In problem solving, as in street fighting, rules are for fools: do whatever works–don't just stand there! Yet we often fear an unjustified leap even though it may land us on a correct result. Traditional mathematics teaching is largely about solving exactly stated problems exactly, yet life often hands us partly defined problems needing only moderately accurate solutions. This engaging book is an antidote to the rigor mortis brought on by too much mathematical rigor, teaching us how to guess answers without needing a proof or an exact calculation.
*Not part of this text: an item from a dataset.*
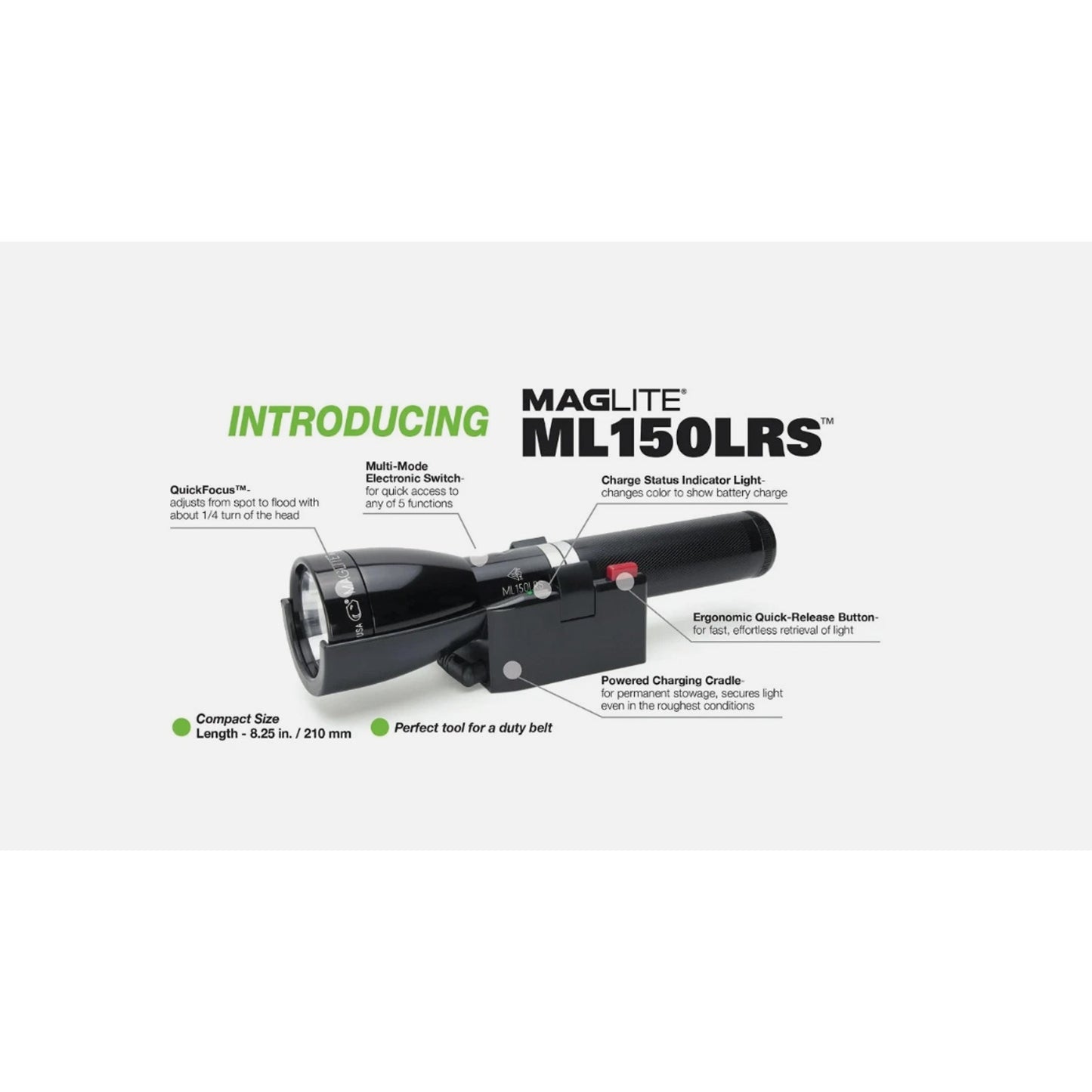 Maglite ML150LRS LED Rechargeable Flashlight Black 819 Lumens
In Street-Fighting Mathematics, Sanjoy Mahajan builds, sharpens, and demonstrates tools for educated guessing and down-and-dirty, opportunistic problem solving across diverse fields of knowledge–from mathematics to management. Mahajan describes six tools: dimensional analysis, easy cases, lumping, picture proofs, successive approximation, and reasoning by analogy. Illustrating each tool with numerous examples, he carefully separates the tool–the general principle–from the particular application so that the reader can most easily grasp the tool itself to use on problems of particular interest.